In the question, it is given that,

x+y = w+z

So, (x+y)+(x+y) = 360°

2(x+y) = 360°

∴ (x+y) = 180° (Hence proved).

**5. In Fig. 6.17, POQ is a line. Ray OR is perpendicular to line PQ. OS is another ray lying between rays OP and OR. Prove that ∠ROS = ½ (∠QOS – ∠POS).**

**Solution:**

In the question, it is given that (OR ⊥ PQ) and ∠POQ = 180°

We can write it as ∠ROP = ∠ROQ = 90^{0}

We know that

∠ROP = ∠ROQ

It can be written as

∠POS + ∠ROS = ∠ROQ

∠POS + ∠ROS = ∠QOS – ∠ROS

∠SOR + ∠ROS = ∠QOS – ∠POS

So we get

2∠ROS = ∠QOS – ∠POS

Or, ∠ROS = 1/2 (∠QOS – ∠POS)(Hence proved).
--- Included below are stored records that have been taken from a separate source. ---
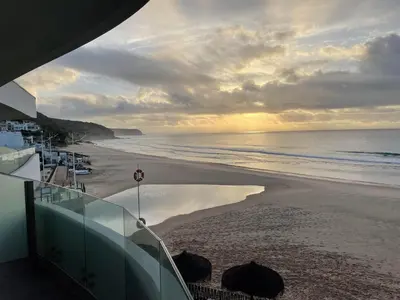 a view of the beach at sunset with the ocean at Villamar in Salema
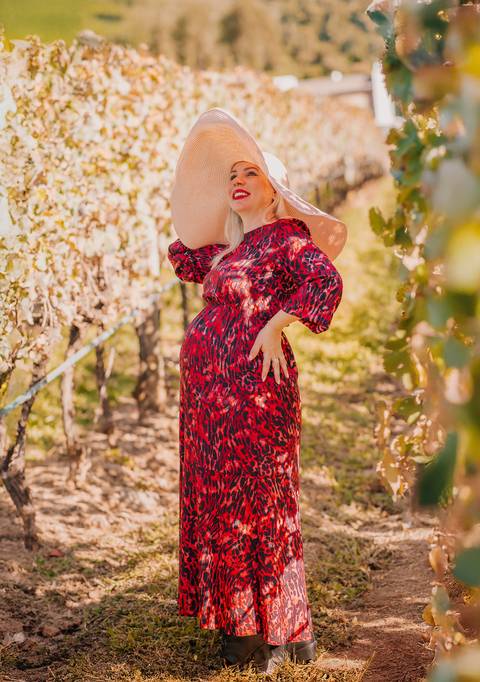Ensaio de gestante com chapéu e expressão de plenitude, cercada por parreirais em tom dourado na serra gaúcha.'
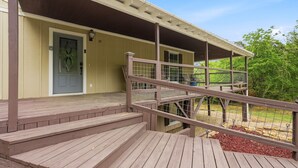 A wooden deck leading to a covered porch with a door and a number '39' on the wall. - Answered Prayers Main House-Step out to a peaceful morning or star gaze at night (Kingston)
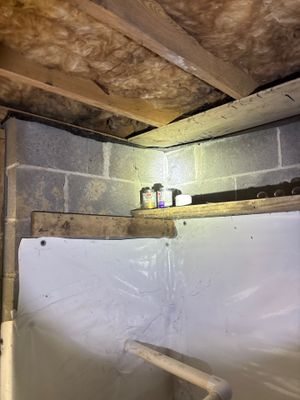 A crawlspace during active waterproofing work, showing white plastic vapor barrier installation on the floor, exposed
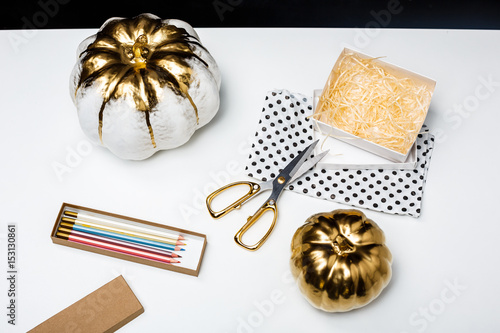 Halloween decor on white table over black background.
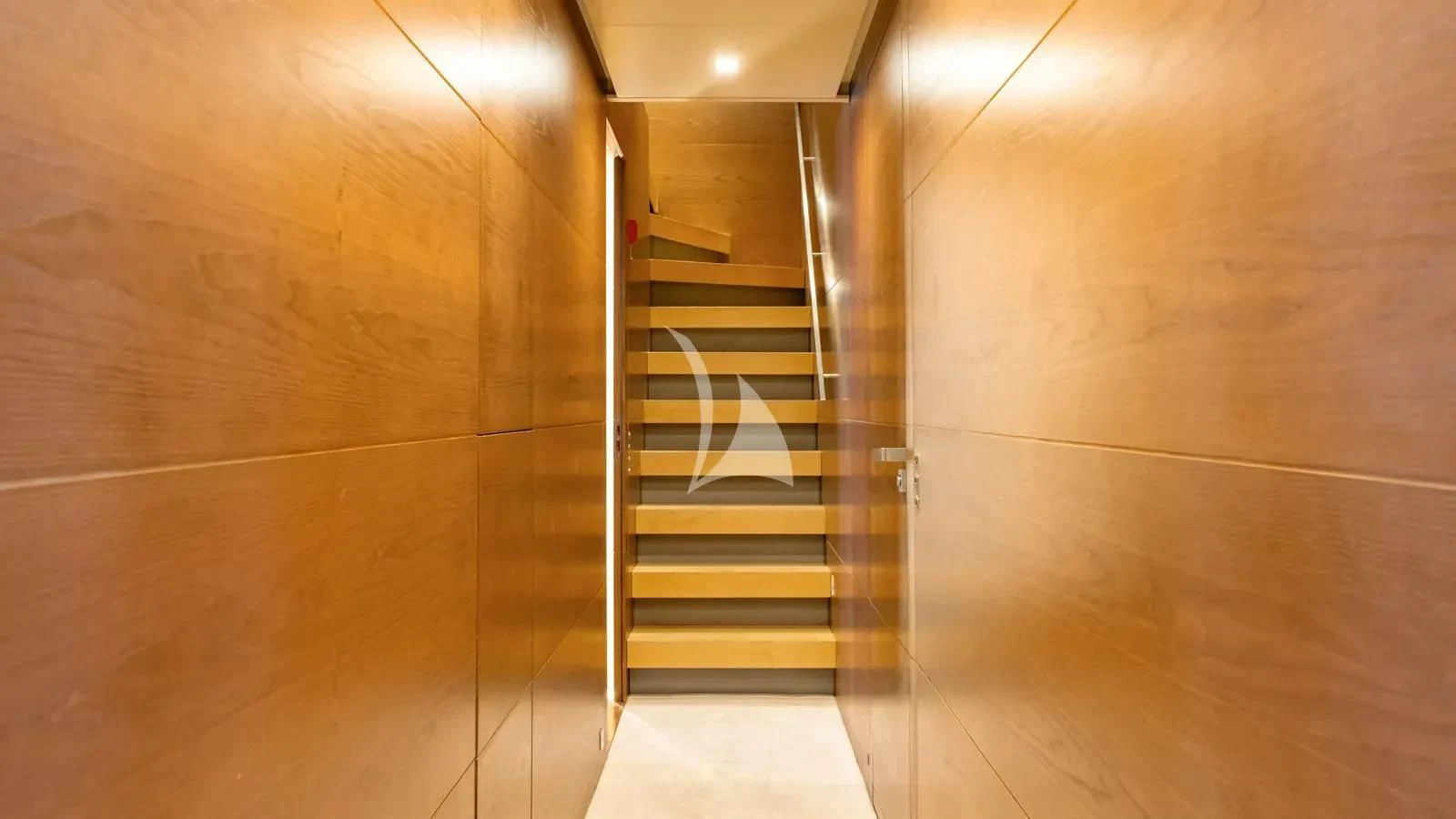 a hallway with a glass door aboard NAIA Yacht for Sale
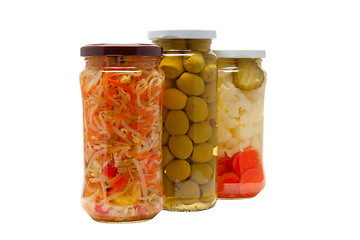 Image showing Glass jars with marinated vegetables  isolated on the white back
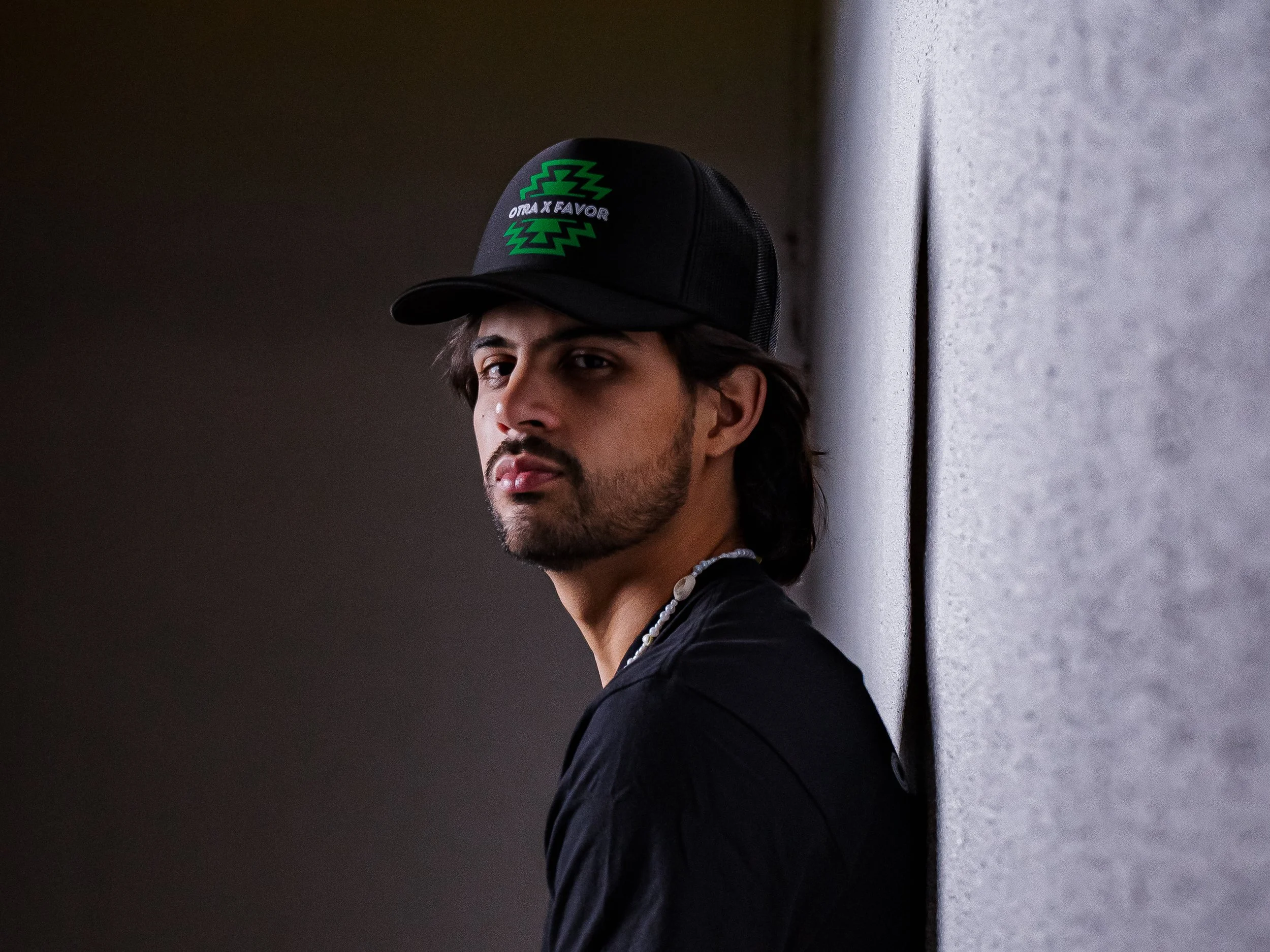 Otra X Favor Trucker Hat Logo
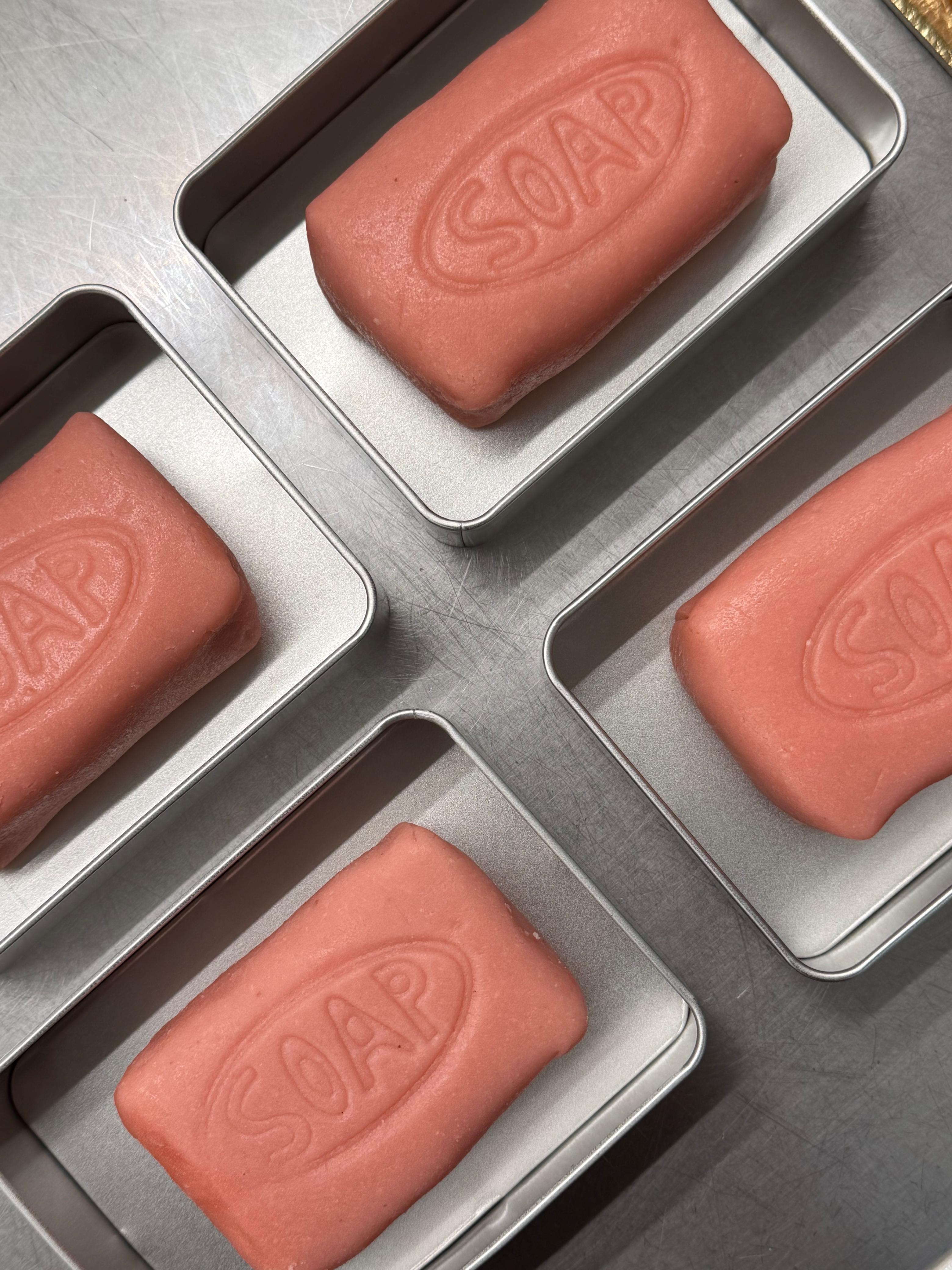 Custom soap-shaped cakes designed for Aalita's soap necklace launch during Milan Design Week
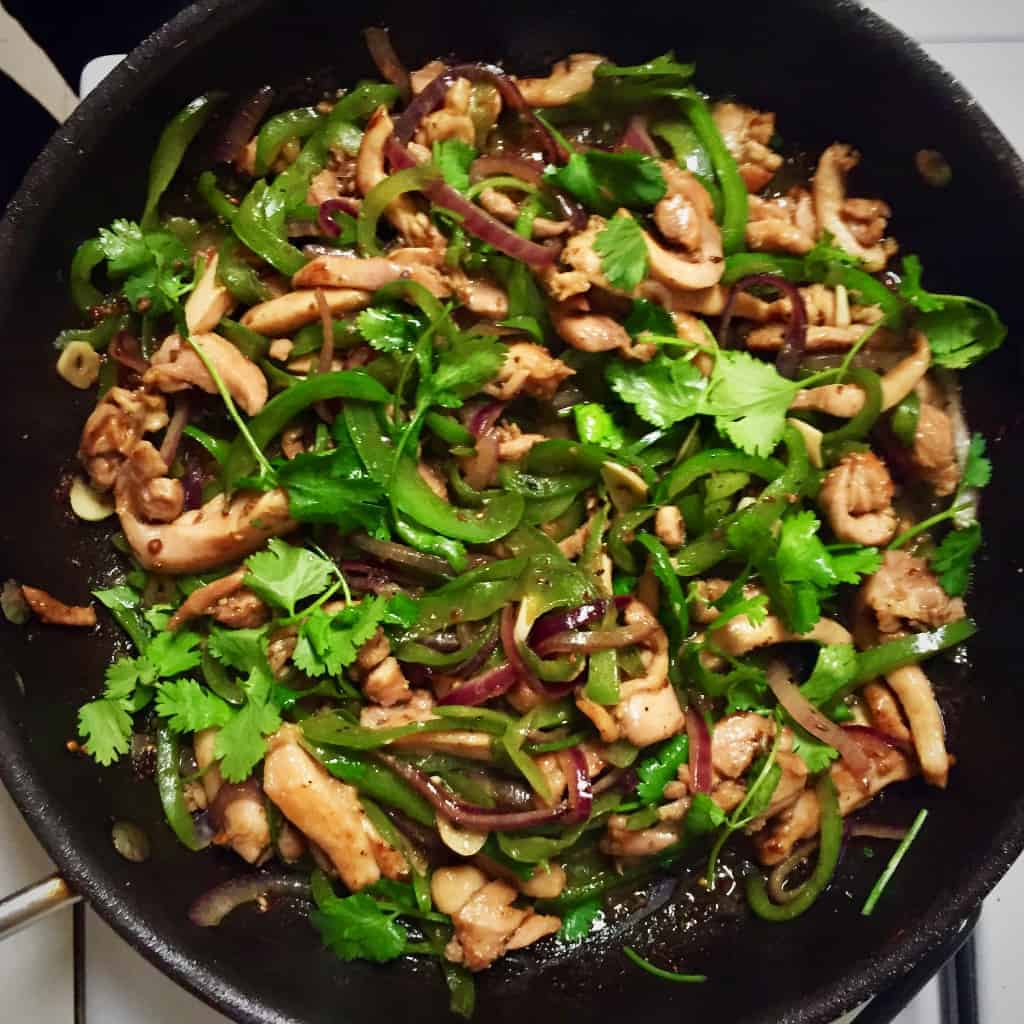 Stir-Fried Chicken, Green Peppers and Cilantro with Xian Province flavors Of Cumin and Coriander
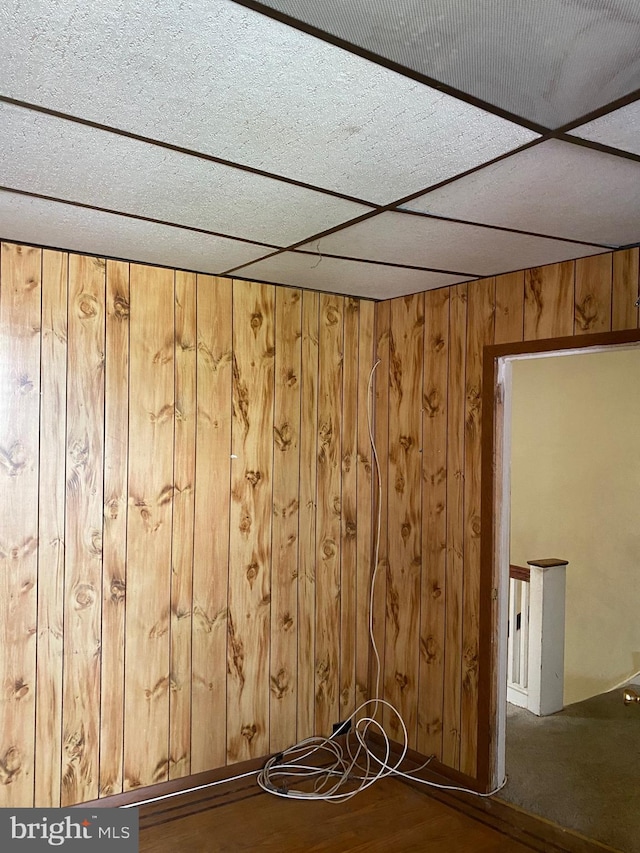 spare room featuring a paneled ceiling, hardwood / wood-style floors, and wooden walls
**6. It is given that ∠XYZ = 64° and XY is produced to point P. Draw a figure from the given information. If ray YQ bisects ∠ZYP, find ∠XYQ and reflex ∠QYP.**

**Solution:**

Here, XP is a straight line

So, ∠XYZ +∠ZYP = 180°

Putting the value of ∠XYZ = 64°, we get

64° +∠ZYP = 180°

∴ ∠ZYP = 116°

From the diagram, we also know that ∠ZYP = ∠ZYQ + ∠QYP

Now, as YQ bisects ∠ZYP,

∠ZYQ = ∠QYP

Or, ∠ZYP = 2∠ZYQ

∴ ∠ZYQ = ∠QYP = 58°

Again, ∠XYQ = ∠XYZ + ∠ZYQ

By putting the value of ∠XYZ = 64° and ∠ZYQ = 58°, we get.

∠XYQ = 64°+58°

Or, ∠XYQ = 122°

Now, reflex ∠QYP = 180°+XYQ

We computed that the value of ∠XYQ = 122°.

So,

∠QYP = 180°+122°

∴ ∠QYP = 302°

**Exercise: 6.2 (Page No: 103)**

**1. In Fig. 6.28, find the values of x and y and then show that AB || CD.**

**Solution:**

We know that a linear pair is equal to 180°.

So, x+50° = 180°

∴ x = 130°

We also know that vertically opposite angles are equal.

So, y = 130°

In two parallel lines, the alternate interior angles are equal. In this,

x = y = 130°

This proves that alternate interior angles are equal, so AB || CD.

**2. In Fig. 6.29, if AB || CD, CD || EF and y : z = 3 : 7, find x.**

**Solution:**

It is known that AB || CD and CD||EF

As the angles on the same side of a transversal line sum up to 180°,

x + y = 180° —–(i)

Also,

∠O = z (Since they are corresponding angles)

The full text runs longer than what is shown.